Tıbbi ajanların kullanımı:
- B1 vitamini (tiyamin), ilk kas içinden ve daha sonra 2-3 ay içinde uzun bir süre için tabletler şeklinde. Son yıllarda, Benfotiamine (tiamin yağda çözünür analogu) tercih. Daha düşük bir dozajda daha büyük bir etkiye sahiptir;
- B6 vitamini (piridoksin);
- folik asit;
- venöz drenaj kolaylaştıran, çevre sinirlerine kan akışını arttırmak ilaçlar, güçlendirme gemiler (Vinpocetine (Cavinton), Emoksipin, pentoksifilin (Curantil), xantinol nikotinat);
- antioksidanlar (preparatlar, a-lipoik asit, - Berlition, Thiogamma Espa-Lipon, Oktolipen);
- nörometabolik ve nörotrofik maddenin (Solcoseryl (Aktovegin), kolin alphosceratus (Gliatilin) Cortexin, ginkgo biloba (tanakan, biloba) Semaks ve diğerlerinin özütü);
- Nöromidin (nöromüsküler iletimi geliştirmek için);
- gepatoprotektory (karaciğer fonksiyon normalizasyonsuz gastrointestinal yoldan vitamin yeterli bir emme sağlamak zordur çünkü).
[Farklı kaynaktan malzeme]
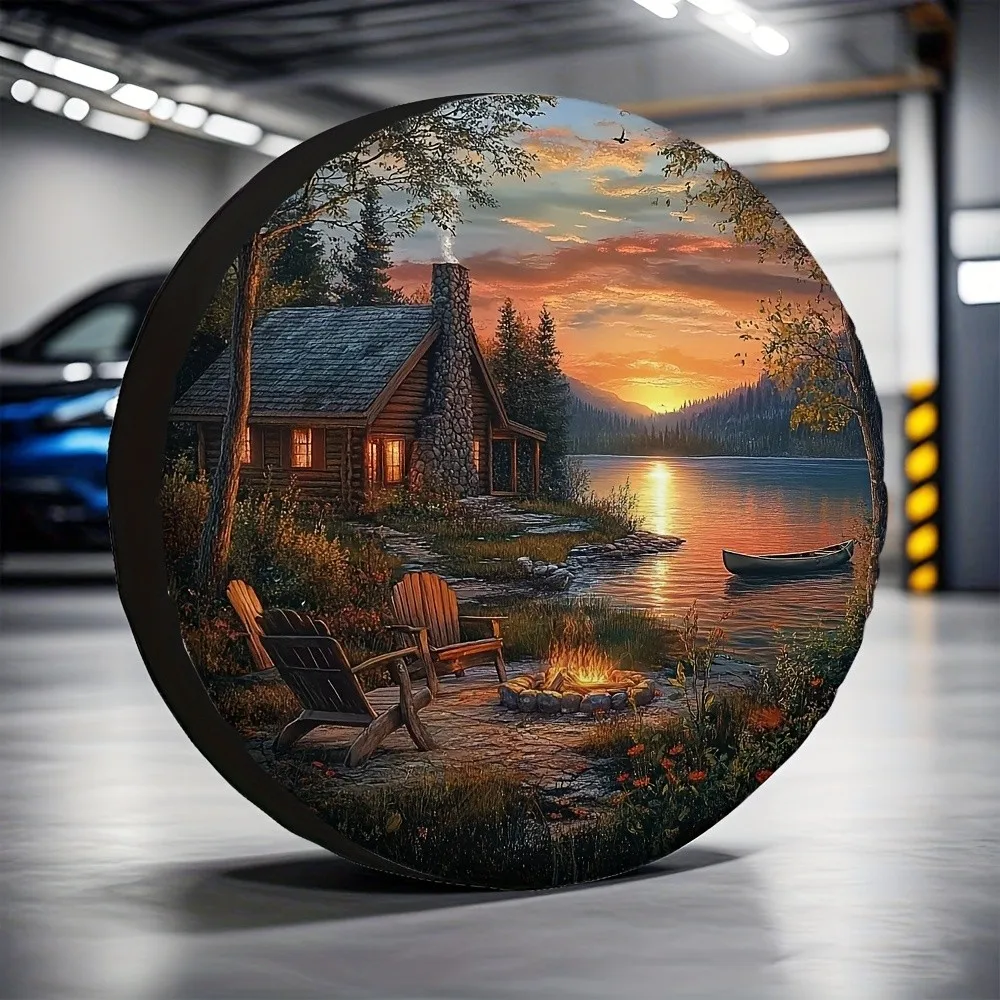 

Cabin Sunset Spare Tire Cover Waterproof Polyester Outdoor Parking Protection Decorative Accessory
Bu durumda ağrı o kadar basit değil ortadan kaldırmak için polinöropati alkolde ağrının tedavisi belli zorluklarla taşır. Bunu yapmak için şunu kullanın:
- steroidal olmayan anti-iltihabik ilaçlar (diklofenak, nimesulid, ibuprofen, meloksikam, ve diğerleri);
- antikonvülsan (karbamazepin (Finlepsin), gabapentin (Gabagamma, Neurontin®) pregabalin (Sözü);
- antidepresanlar (Amitriptilin, Paroksetin).
Ağrı sendromunu tedavi etmek için kullanılan ilaçların çoğu, alkol kullanımı ile uyumlu değildir. Bu nedenle, alkolün reddi (dahil olmak üzere) tamamlanmış olmalıdır.
kombine tedavi metotlarında farmakolojik önlemlere ek olarak fizik, fizik tedavi, akupunktur bulunmaktadır.
Doğruyu söylemek gerekirse, alkollü polinöropati alkol kötüye az deneyime sahip başarılı bir şekilde tedavi olması gerektiğini söyledi. değişiklikler Yeter artık, ve sinir lifleri alkol tarafından tahrip edildiğinde, o zaman onları tamamen başarısız geri yükleme.Sadece semptomları azaltabilir ve patolojik süreci stabilize edebilirsiniz. Bu, tedavinin işe yaramadığı anlamına gelmez. Hasta tıbbi bakım yokluğunda alkol içmeye devam ederse, o kaba bir sakatlık kendisini korumak için yetersizlik yol açabilir. İyileşme için her zaman belli bir potansiyel vardır. En önemli şey alkol içmeyi bırakmak.
Bu nedenle alkolik polinöropati, alkol kötüye kullanımının kaçınılmaz bir sonucudur. Hastalık fark edilmeden gizlenir, ancak hastanın yaşamını önemli ölçüde değiştirir. Alkol ve vakaların geri kalanında rasyonel tedavi mümkün tam iyileşme zamanında reddi ile, patolojik değişiklikler geri alınamaz.